Fonti riservate riferiscono a Domani che l’annuncio viennese era stato concordato con la leader francese, che sta lavorando a un ampliamento e a una riformulazione del gruppo sovranista. Ora ci si divide i ruoli: Orbán si prende il protagonismo di facciata, Le Pen orienta davvero i giochi, la Lega punta a mettere qualcuno dei suoi nei ruoli apicali
Con la scadenza per la formazione dei gruppi europei a luglio, c’è grande fibrillazione a destra, e l’annuncio della nuova alleanza politica “Patriots for Europe” fatto questa domenica a Vienna da Viktor Orbán, Andrej Babiš e Herbert Kickl in apparenza sembra aggiungere caos al caos e gruppi a gruppi, mostrando il paradosso di una destra che prima del voto profetizzava grandi unioni e subito dopo non fa che scomporsi. Ma per capire come si riassetterà la destra non bisogna guardare ai singoli scossoni – soprattutto in questa fase di bluff negoziali e di trattative tra partiti – bensì ai movimenti profondi e a chi davvero guida i processi.

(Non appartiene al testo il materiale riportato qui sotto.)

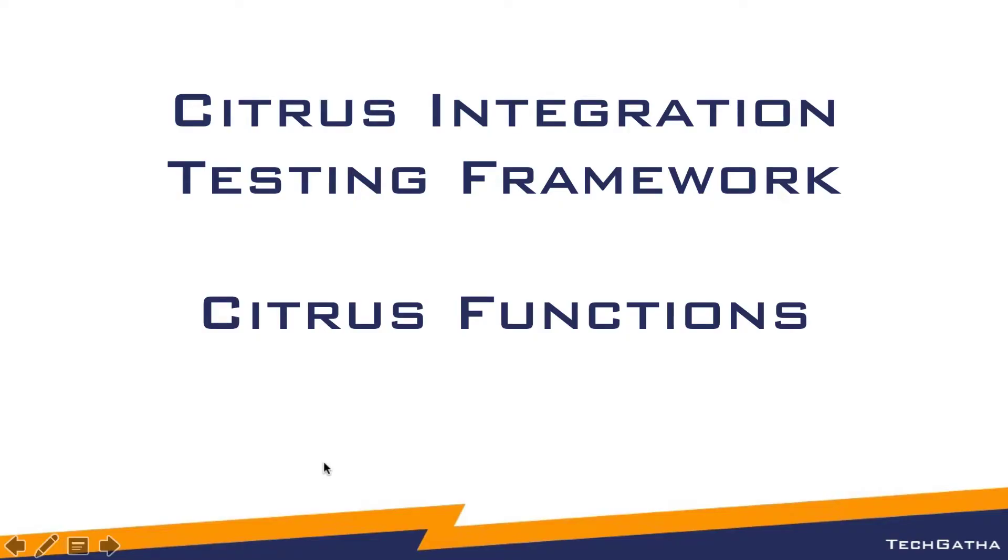Hi there, Shalini Mittal here from Tech Gartha. In this video we will see the various functions available within Citrus.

Fonti riservate della Lega in Europa riferiscono a Domani che la mossa di Orbán era stata concordata con Marine Le Pen, e che si tratta di un tassello inserito in un più ampio progetto di ampliamento e di rebranding di quello che finora si è chiamato Identità e democrazia. I cantieri per questo nuovo gruppo – o meglio, per il vecchio riformulato – sono al lavoro: pare che giovedì scorso ci sia stato un grande incontro negoziale nel quale oltre ai sovranisti di Id, Salvini incluso, hanno partecipato ungheresi e cechi.
Ora ci si divide i ruoli: mentre Orbán si prende il protagonismo di facciata, è Le Pen a orientare davvero i giochi, e la Lega punta almeno a mettere qualcuno dei suoi nei ruoli apicali della formazione ventura.

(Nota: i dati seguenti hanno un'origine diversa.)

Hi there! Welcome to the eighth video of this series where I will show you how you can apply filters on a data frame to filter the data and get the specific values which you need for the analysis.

Il «razzo vettore» di Vienna
«L’Austria è un paese neutrale che ha sempre avuto la missione storica di costruire ponti, e oggi noi formiamo una prima alleanza che deve funzionare come rakete, come razzo vettore per cambiare la politica europea», ha detto Kickl sul palco dell’hotel viennese InterContinental, dove il suo partito FPÖ si riunisce spesso; è lo stesso hotel dove Heinz-Christian Strache era stato agganciato da una finta oligarca russa nello scandalo Ibiza.
L’FPÖ per ora siede in Id, anche se ha mal digerito la cacciata di Afd; è stato il primo partito d’Austria alle europee e lo sarà verosimilmente alle elezioni nazionali d’autunno. Kickl è già stato ministro degli Interni – con scandali vari legati ai rapporti con Mosca – e punta a diventare cancelliere. Andrej Babis, pure lui firmatario della carta di alleanza, è stato premier, con scandali al seguito per conflitti di interesse – il magnate viene detto «il Berlusconi dell’Est» – e con il suo partito Ano pochi giorni fa ha abbandonato i liberali di Renew.

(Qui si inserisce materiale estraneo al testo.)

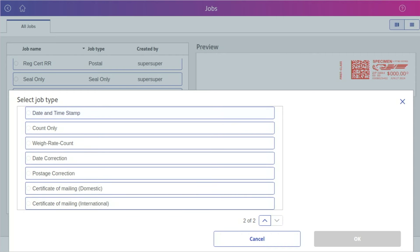At this point you need to decide if you are sending a domestic or international piece. In this case I'm sending domestic.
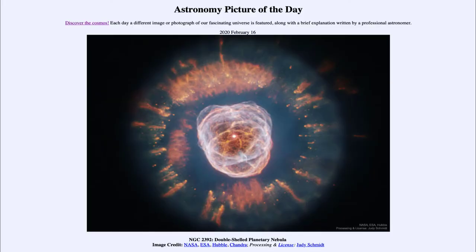Greetings and welcome to the introduction to astronomy. One of the things I like to do in each of my introductory astronomy classes is to begin the class with the Astronomy Picture of the Day from the NASA website, that is apod.nasa.gov/apod. Today's picture for February the 16th of 2020 is titled NGC 2392 double shelled planetary nebula.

Poi c’è Orbán, premier in carica, orfano in Ue e profeta eterno dell’unione a destra: l’Ecr di Meloni non ha voluto integrarlo, e lui ora va dicendo che «i partiti di destra dovrebbero creare gruppi forti all’Europarlamento che poi cooperino tra loro». Giovedì nei corridoi del Consiglio europeo il suo braccio destro Balázs Orbán ha parlato di negoziati in corso, e l’ex premier polacco Mateusz Morawiecki, sodale politico di Orbán, sta usando quei negoziati per contrattare posizioni migliori in Ecr, minacciando altrimenti di spostarsi.
La regia di Le Pen
Quanto pesa la carta dei “Patrioti per l’Europa” siglata questa domenica? In sé ben poco. Pure nel 2021 c’era stata la carta di Budapest per un gruppone delle destre poi mai formato, e da soli Fidesz, FPÖ e Ano non hanno i termini per costituire un gruppo. Ma come ha detto Orbán il giorno prima, «domenica bisogna guardare a Parigi e a Vienna». L’operazione viennese gli serve a non apparire come quello che si limita ad accodarsi a Id (ora che Afd è fuori) con la coda tra le gambe.
Ma i fili del vero piano sono tirati da Le Pen, con la quale la mossa comunicativa orbaniana è stata concordata. La leader del Rassemblement National si è messa al lavoro per allargare il perimetro del gruppo, al punto da valutare persino l’ingresso dei neofascisti polacchi di Konfederacja purché si liberino di una delle loro componenti; il cambio di nome sarebbe funzionale al piano di rilancio.
«Vogliamo allargare il più possibile il perimetro di un gruppo forte, patriottico, contro von der Leyen e gli inciuci: valutiamo favorevolmente le parole dei leader che da Vienna si sono detti disponibili», ha dichiarato non a caso questa domenica Salvini.